While the people who run these sites must spend huge amounts of time on their sites, there are also a vital number of other people who also spend huge amounts of time on the site. But their job is probably more important.
The users, members, visitors, subscribers - whatever you want to call them - are all a vital part to any community. Believe it or not, they are what makes a community, community. If MySpace had no one who participated, then it would just be a bunch of ugly markup which everyone hates. If Neopets had no one playing games and having fun, it would just be a bunch of whacky pets made out of PHP.
Without the members, you have no community! If you remove this vital ingredient out of these websites, the whole thing collapses. Simple as that.
The problem
This poses the question - who really owns a community? The people who create it, or the people who devote many hours to making the community what it is?

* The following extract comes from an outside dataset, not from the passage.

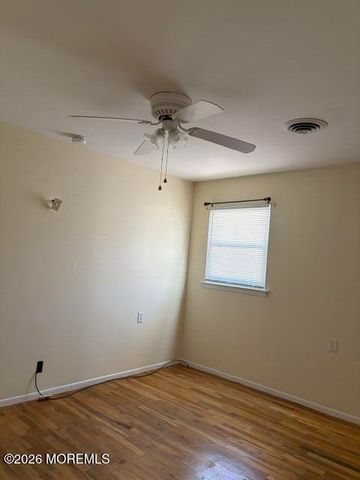 2173 Mount Hood Lane, Toms River, NJ 08753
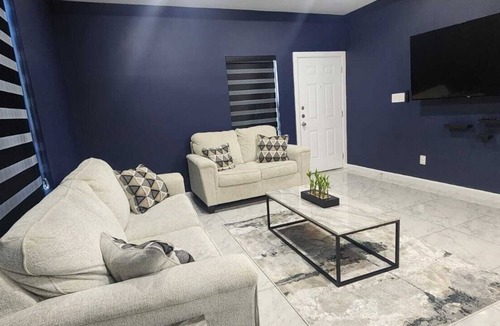 San Juan Apartment | The blue apartment near expressway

This question I am posing may seem decisively pointless. You may ask me, "Who really cares who owns a community? As long as it works, then things are fine and dandy!". Unfortunately, things are not that simple.
You see, people become used to their surroundings. They hate change! If you get a group of the same people in a room each week, and ask them to sit down, then you will soon see that the people sit in the same seat each week. Then, change the seating arrangement, and everyone will complain! It won't matter if the people are unaffected in any other way, they will still hate change (and argue you about it to the bitter end).
Now, swap the room and chairs with an online community and the page layout. In the same way people hate moving seats, they also hate changes in form and function to a community. See the problem? Change the website layout, and you immediately loose a weekend answering emails from angry people wanting the old design back.
So, who owns that community?
If only there was a simple answer. I think there is no single entity which owns a community. Part of the dictionary definition of the word "community" speaks about joint ownership or responsibility. You see, with a community, it is important to keep everyone informed with what is happening, and value their input. Many people still don't see the value of a blog - with a blog, you can openly ask for opinions, post thoughts and ideas, and seek advice from the people in your community who matter most to you.
Without communication between everyone in a community, you simple can't survive. If everyone is valued, and treated equal by you, then that community will prosper, and grow. Treat it properly, and it could really be headed for greater things.